Yoo Som-na, eldest daughter of Yoo Byung-eun, the late patriarch of the family behind the operator of the doomed Sewol ferry, will be extradited from France to Korea and is set to arrive at Incheon International Airport around 3 p.m. today.

“The Korean and French authorities have entered the process of extraditing Yoo,” said a Korean prosecution official who asked not to be named. “Yoo will board a flight operated by a Korean airline from Paris Charles de Gaulle Airport and land at 3 p.m. here.

“She will be arrested by Korean prosecutors and investigators upon boarding the plane,” the official added. “Once she enters the Korean aircraft she will be on Korean territory and authorities can arrest her there.”

Yoo is scheduled to be transported to the Incheon District Prosecutors’ Office upon her arrival at the airport.

She has been sought by authorities with an arrest warrant from 2014 that is valid until 2028. Yoo is accused of embezzling 49.2 billion won ($43.9 million) in a business involving former affiliates of her father’s company and her brother, Dae-gyun.

After the Sewol ferry sank on April 16, 2014, off Korea’s southwestern coast and killed 304 people, the 73-year-old patriarch of the business, Yoo Byung-eun, and his family were pinpointed as key figures behind the accident.

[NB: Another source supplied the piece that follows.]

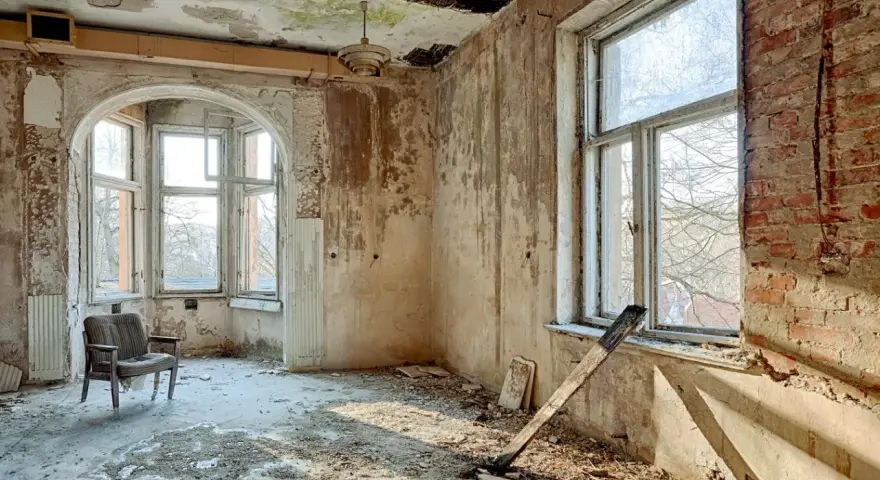 Interno di una casa a botte in rovina, con pareti scrostate, soffitto sfondato e un vecchio mobile.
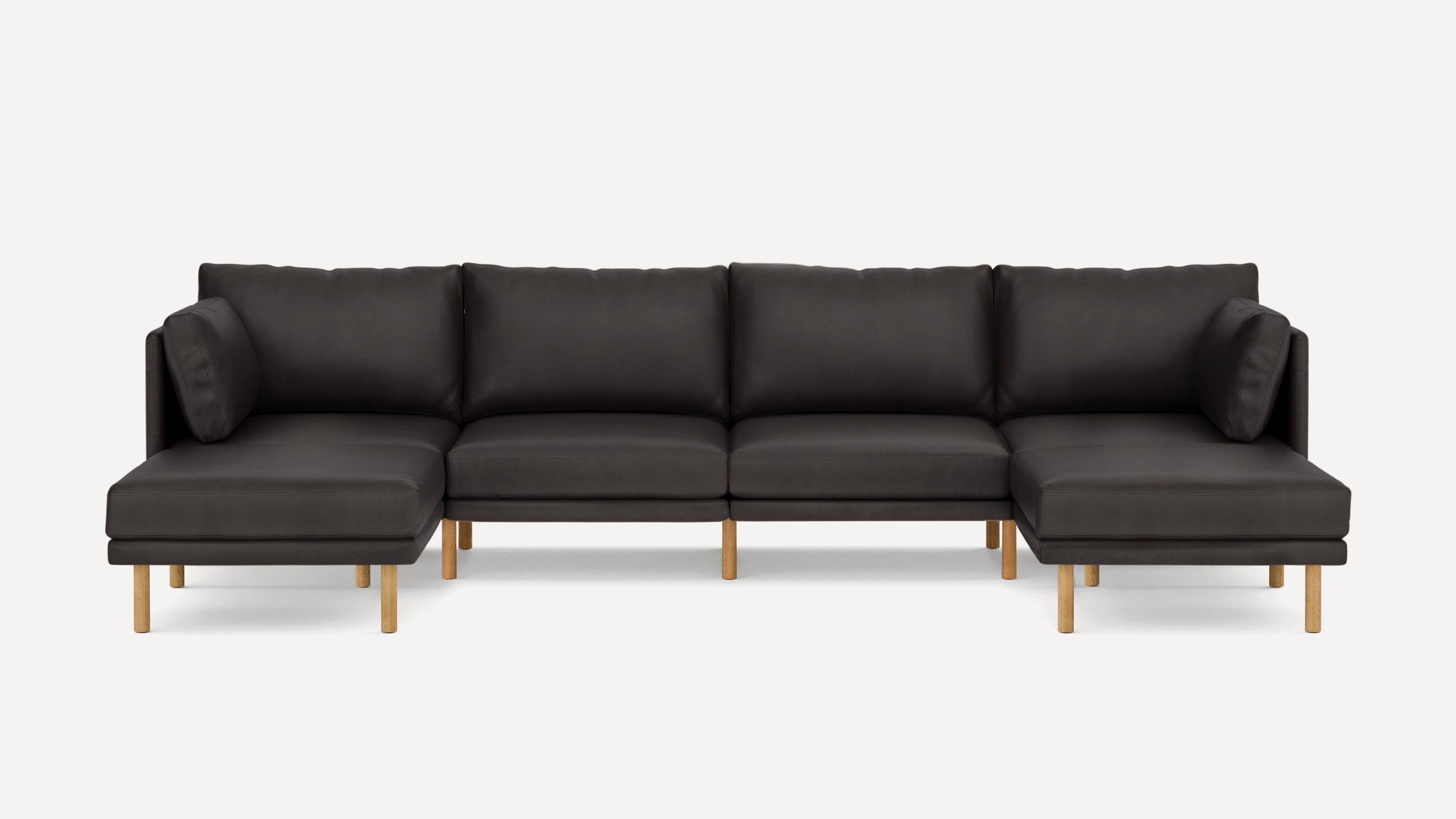 Modern dark brown leather sectional sofa with wooden legs, featuring two chaise ends and plush cushions on a plain white background.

Yoo Byung-eun went on the run but was found dead on June 12, 2014, bringing to an end the nationwide manhunt. His bounty was nearly $500,000 at the time.

Yoo’s family members have been arrested and tried in Korea on charges including embezzlement, except his eldest daughter Som-na and second son Hyeok-gi. Hyeok-gi’s whereabouts are still unknown.

Som-na was sought by authorities from April 2014, when she was abroad. She refused to comply with prosecution summons to Korea, and prosecutors requested that Interpol issue a Red Notice, which is a request to locate and hold a person pending extradition.

She was arrested at an apartment in Paris in May 2014 and within the same month, the local court decided to try her while detained.

The appellate court ruled for her extradition in January 2015. Yoo then filed an appeal to the French Court of Cassation, with authority comparable to the Supreme Court here. It overturned the appellate court’s ruling in April 2015. Yoo’s lawyer at the time told reporters that the reasons provided by the Korean government in its extradition request were found lacking.

After additional trials, the Court of Cassation in March 2016 ruled that Yoo must be extradited, and French Prime Minister Manuel Valls also signed her extradition paper.

But she had ongoing legal procedures at Conseil d’Etat, the highest administrative court in France, since she filed a case in September 2015. In France, the Court of Cassation has the final authority on civil and criminal suits, while the Conseil d’Etat has the final authority on administrative litigations.

The Conseil d’Etat dismissed Yoo’s case last month, saying there is no reason to annul the extradition decision by the Court of Cassation, bringing an end to all legal procedures on Yoo in France.